By Dave Flaherty/The Oshawa Express
While he believes the issue of homelessness requires compassion, Mayor Dan Carter says “lawlessness” will not be tolerated.
In late-August, Carter reached out to Durham Police Chief Paul Martin to discuss a trend of homeless people residing on city and private property committing criminal acts.
Back in July, Durham Regional Police stepped in to evict a group of individuals living in a tent city just off Quebec Street in Oshawa.
The owner of the property gave police permission to enact the eviction.
However, Carter says residents were told by police officers that he tolerated, and even supported, homeless individuals, setting up camp on private property.
But the first-term mayor says this false.
“I wanted to make sure there was no miscommunication between my office, constituents and police officers,” he says.
Carter says the vast majority of those living at the Quebec Street tent city kept to themselves.
“The individuals who just want to go their own way, we rarely, if ever, have any issues with those individuals.”
But others were anything but peaceful, he adds.
“I was getting calls from business owners and private landowners that there were incidents they were facing and encountering,” he says.
According to the mayor, he was receiving between six to 10 calls a day.
He explains one resident, a 94-year-old old woman, received threats from someone who was stealing vegetables from her.
Carter claims the woman was sworn at and told to “mind her business.”
“That’s not right, and that’s not fair,” he says.
While Carter says support and services are available to those “who are suffering,” he expects all city residents, homeless or not, to respect the letter of the law and the rights of others.
“If you call Oshawa home, we have an expectation of public safety. To the people who are breaking into buildings, cars, and homes and people who are dealing drugs, we will not tolerate lawlessness. It just needed to be reiterated,” he said.
Carter, who has faced drug addiction and homelessness himself, says that never gave him “the right to break the law.”
“I’m a very compassionate person and I will go to extremes to try and help people, but don’t think it comes unconditionally. If you need help, I’ll help you. If you break the law, I’ll hold you accountable,” he says.
In a subsequent letter addressed to Martin, Carter says complaints regarding theft, vandalism, mischief and aggressive behaviour are becoming more frequent.
“This is a serious community safety issue that requires diligence.

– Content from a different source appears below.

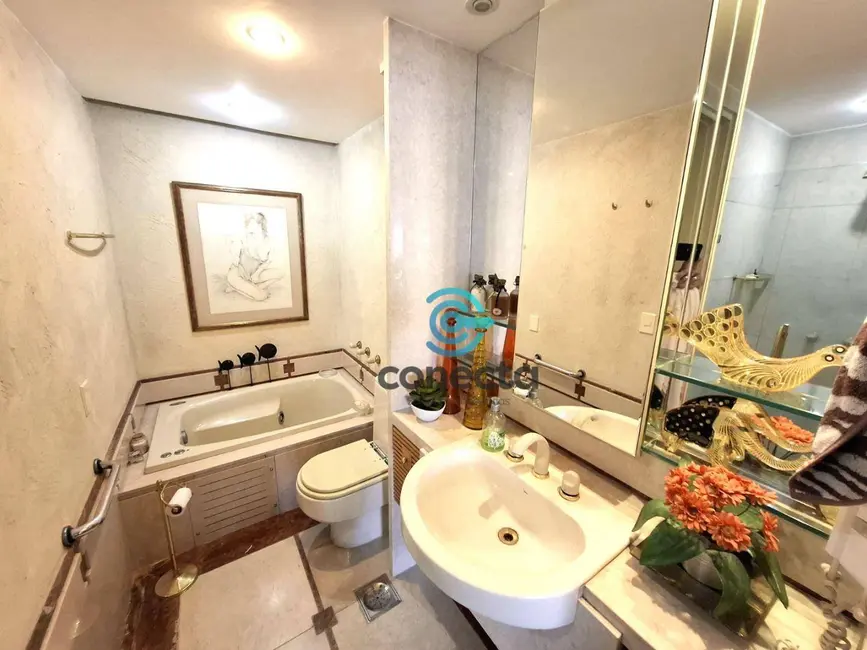 Cobertura com 4 quartos à venda, 295m2 em Icaraí, Niteroi - RJ - imagem 8 Foto 8 de Cobertura com 4 quartos à venda, 295m2 em Icaraí, Niteroi - RJ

We ask for the continued commitment to enforcement and addressing this unlawful behaviour, and we welcome any ideas or concepts that may be able to help us address this issue,” Carter wrote.

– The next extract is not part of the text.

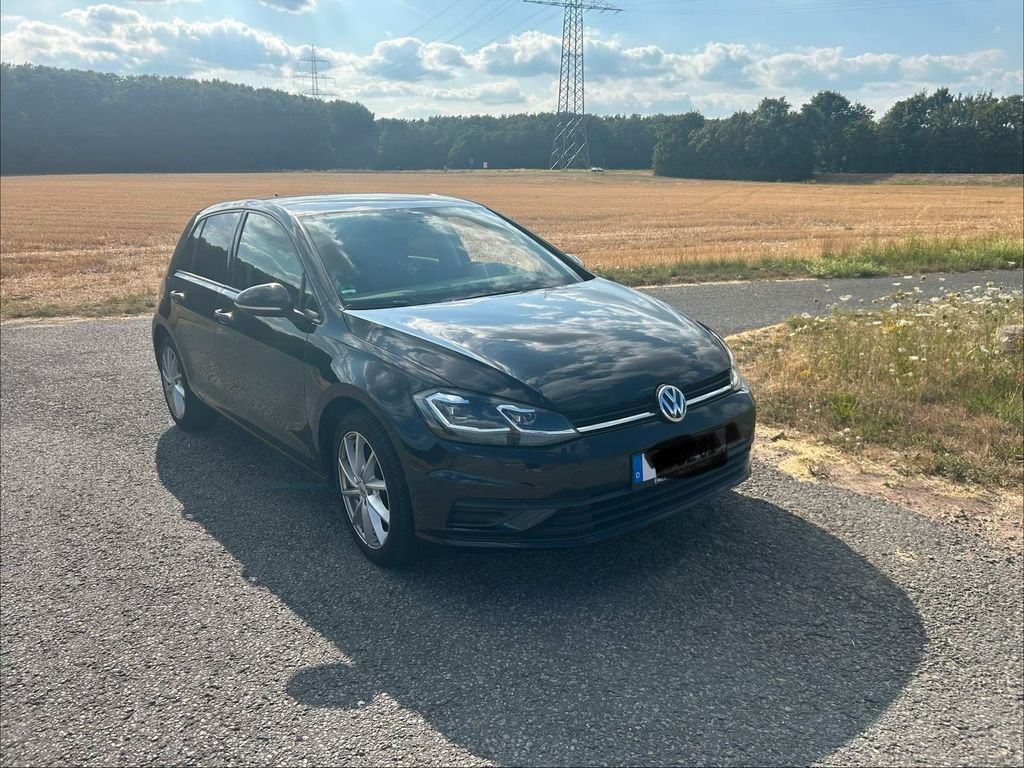 Image of Volkswagen Golf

Carter told The Oshawa Express he felt he had a “very good conversation” with the chief.
He also praised the senior officials at Durham Police’s 17 Division for their help with the issue.
Christeen Thornton, the founder of community outreach group DIRE, told The Express in July while she doesn’t condone criminal activity, the residents in tent cities are in crisis and are just instinctively trying to survive.

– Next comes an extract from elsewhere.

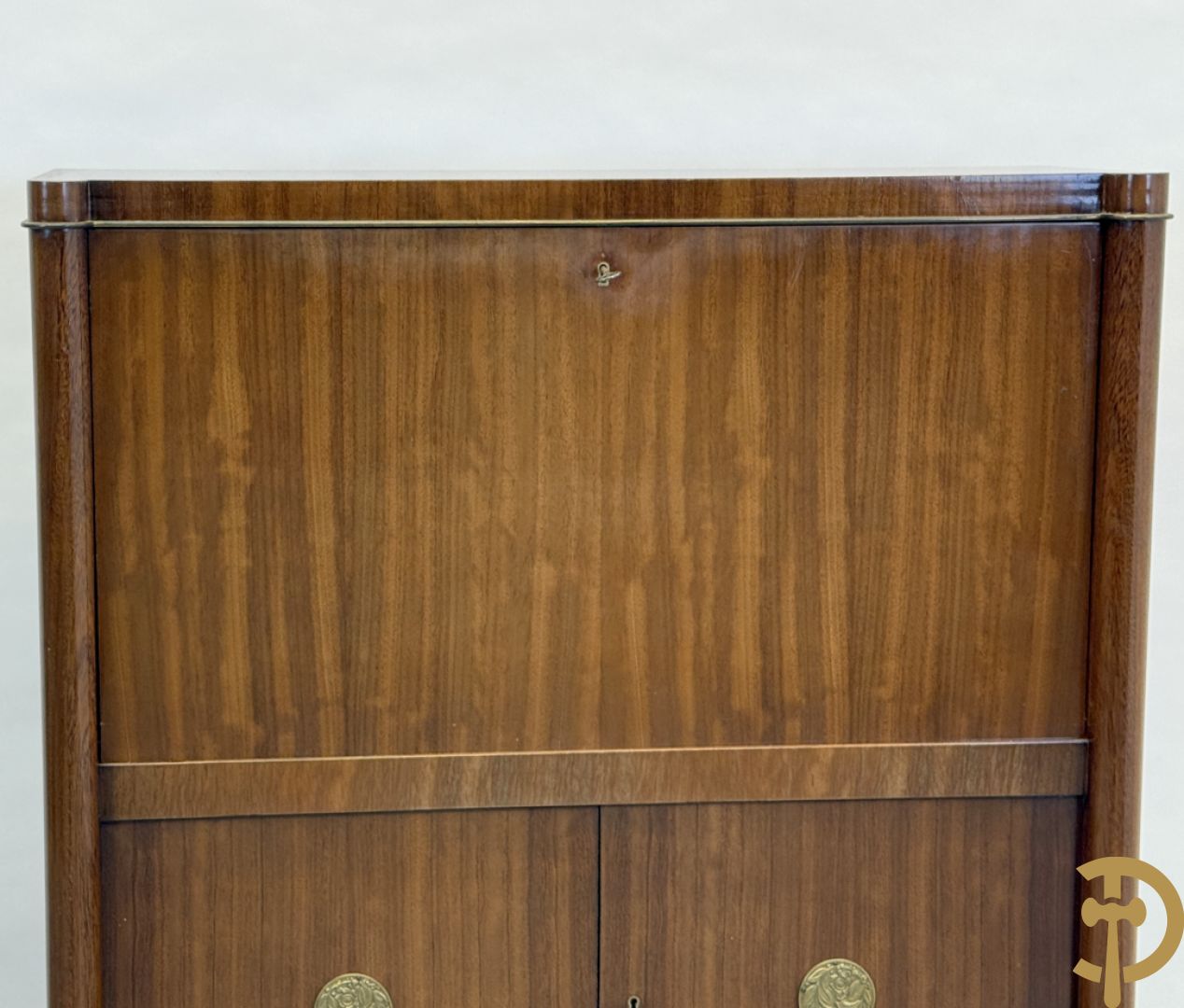 Voltaire barkast in notelaar met 2 deuren met bronsbeslag en gestyleerd bloemendecor onderaan en klep bovenaan, Decoene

“I’m not endorsing it. They do need help and they do need intervention, but I don’t think people necessarily understand the whole picture,” she said.
The Quebec City incident was the second of two tent cities in Oshawa torn down over the summer.
In June, crews came in to dismantle a camp established near the Oshawa Creek after allegations of criminal acts such as propane tank thefts and people stealing hydro from local houses through extension cords.
In the past went tent cities have come down, residents often relocate to another area in the city.At this point, Carter said he is not aware of a new tent city starting up yet.
The mayor also noted that “not one” individual evicted from the Quebec Street camp was receptive to offers of help.